§ GIVEN DATA:

● ● ● ● ●

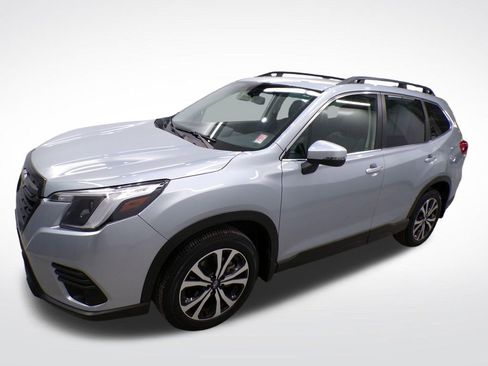 Used 2022 Subaru Forester Limited AWD/4WD image 2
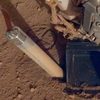 NASA využila robotickou ruku k zastrčení tepelné sondy do Marsu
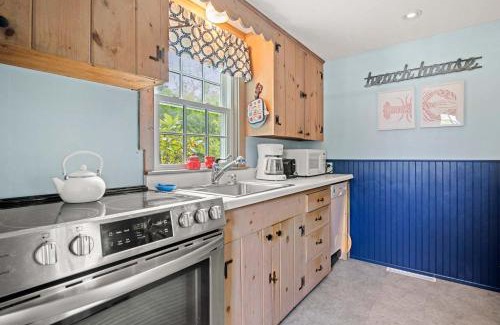 East Orleans House | 5 Min Walk to Swimmable Mill Pond Dog Friendly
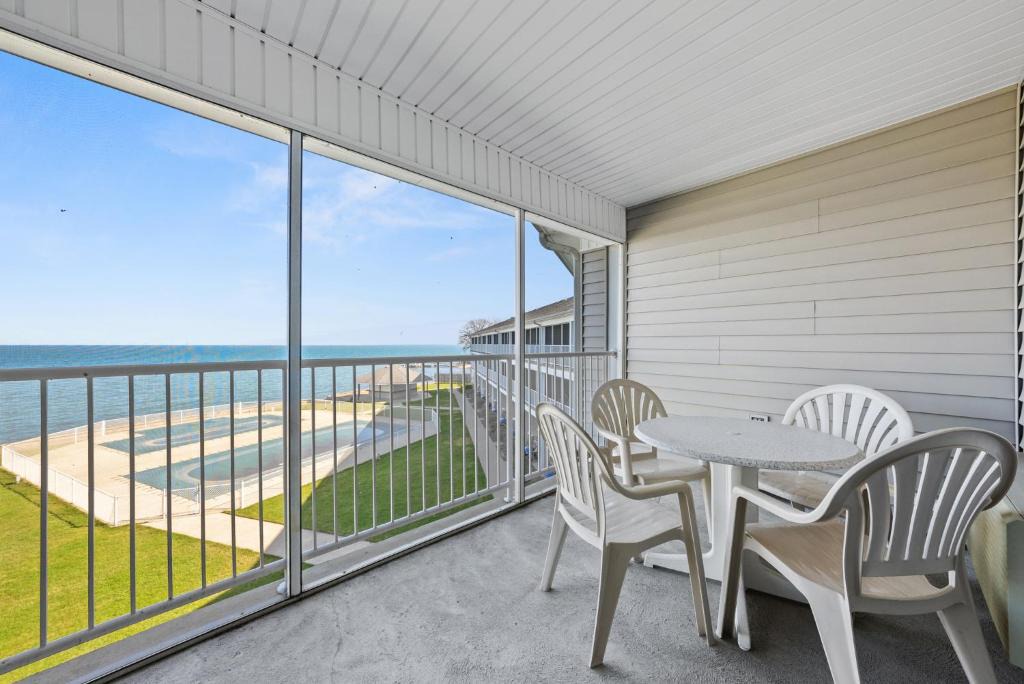 Put-in-Bay Hotel | BayShore #336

● ● ● ● ●

§ TASK STATEMENT: Write out only the lines from the line containing "NASA využila robotickou" through the end of the material above, both end lines included. Pictures are not written out.

§ WRITTEN RESPONSE:
 NASA využila robotickou ruku k zastrčení tepelné sondy do Marsu
 East Orleans House | 5 Min Walk to Swimmable Mill Pond Dog Friendly
 Put-in-Bay Hotel | BayShore #336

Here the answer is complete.